Trümmerteile seien durch die Luft geflogen, hätten drei weitere Fahrzeuge beschädigt, ein viertes sei über Autoteile auf der Fahrbahn gefahren. „Es ist allein dem Zufall zu verdanken, dass keine der beteiligten Personen ums Leben kam“, so die Staatsanwältin.
Prozess um Unfall auf A 65 bei Mutterstadt: Version des Angeklagten weicht ab
Einige Stunden später an diesem ersten Verhandlungstag projiziert die Vorsitzende Richterin Mirtha Hütt Aufnahmen des Unfalls auf den Bildschirm im Gerichtssaal. Das Video hat die Dash-Cam - eine Kamera, die am Armaturenbrett oder der Windschutzscheibe befestigt wird - eines Autos gefilmt, das auf der Gegenfahrbahn unterwegs war. Es geht ein Raunen durch den Saal, als zu sehen ist, wie der Audi an der Leitplanke entlang schrammt. Funken sprühen, ein anderes Auto wird durch die Wucht des Aufpralls quer über die Fahrbahn geschoben, ein drittes hebt ab. Wieder sprühen Funken.

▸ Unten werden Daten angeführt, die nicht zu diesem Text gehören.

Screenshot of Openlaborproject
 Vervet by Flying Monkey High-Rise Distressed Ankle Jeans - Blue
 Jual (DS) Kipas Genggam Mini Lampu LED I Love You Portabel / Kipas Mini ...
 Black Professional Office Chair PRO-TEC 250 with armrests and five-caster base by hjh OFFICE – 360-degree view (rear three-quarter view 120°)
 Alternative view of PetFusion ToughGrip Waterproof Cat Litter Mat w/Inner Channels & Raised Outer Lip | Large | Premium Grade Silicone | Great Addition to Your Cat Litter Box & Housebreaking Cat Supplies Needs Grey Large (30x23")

Maximilian W. räumt an diesem ersten Prozesstag ein, den Unfall verursacht zu haben. Anschließend habe er seine damalige Partnerin angegriffen. Und doch weicht seine Version von den Annahmen der Staatsanwaltschaft ab - und von dem, was seine Ex-Freundin sagt.
Mehrere Gläser Wein und Koks auf der Toilette
Maximilian W. berichtet von einem sonnigen Mai-Tag, von einem Treffen mit Freunden in einer Mannheimer Pizzeria, bei dem auch seine Ex-Partnerin dabei gewesen sei. Sechs, sieben Gläser Wein habe er getrunken, mehrere Male sei er auf der Toilette gewesen, um zu koksen. Kurz vor 21 Uhr habe er sich auf den Heimweg Richtung Pfalz machen wollen, um sich frisch zu machen, für den weiteren Abend. Mit seiner Freundin sei er ins Auto gestiegen - und dann hätten beide gestritten, weil sie sich ungefragt sein Handy geschnappt habe. Die Situation sei schließlich eskaliert. Er habe sie geschlagen und sie ihn - während der Fahrt. „Ich war abgelenkt“, sagt der 24-Jährige. Dann habe er die Kontrolle über das Auto verloren. „Nach dem Unfall war ich überrascht, dass ich aussteigen konnte.“ Nachdem er das konnte, habe er seine Partnerin für den Unfall verantwortlich gemacht und sei auf sie losgegangen. Anschließend sei er querfeldein gerannt, in Dannstadt-Schauernheim habe ihn ein Freund abgeholt, den er zuvor verständigt habe. Um die anderen Unfallbeteiligten habe er sich nicht gekümmert, antwortet er auf Nachfrage.
Es war eine kranke Beziehung. Vor allem danach.
Seine Ex-Partnerin, die in Mannheim lebt, sagt vor Gericht, der Streit sei deshalb entbrannt, weil sie in der Pizzeria mit einem Freund von W. gelacht habe. Maximilian W. sei sehr eifersüchtig gewesen, und zwar nicht zum ersten Mal. W. habe sie kontrolliert, immer wieder habe der Angeklagte sie während der zehnmonatigen Beziehung körperlich angegriffen. Oft habe sie die Schuld bei sich gesucht und sich wieder mit ihm versöhnt.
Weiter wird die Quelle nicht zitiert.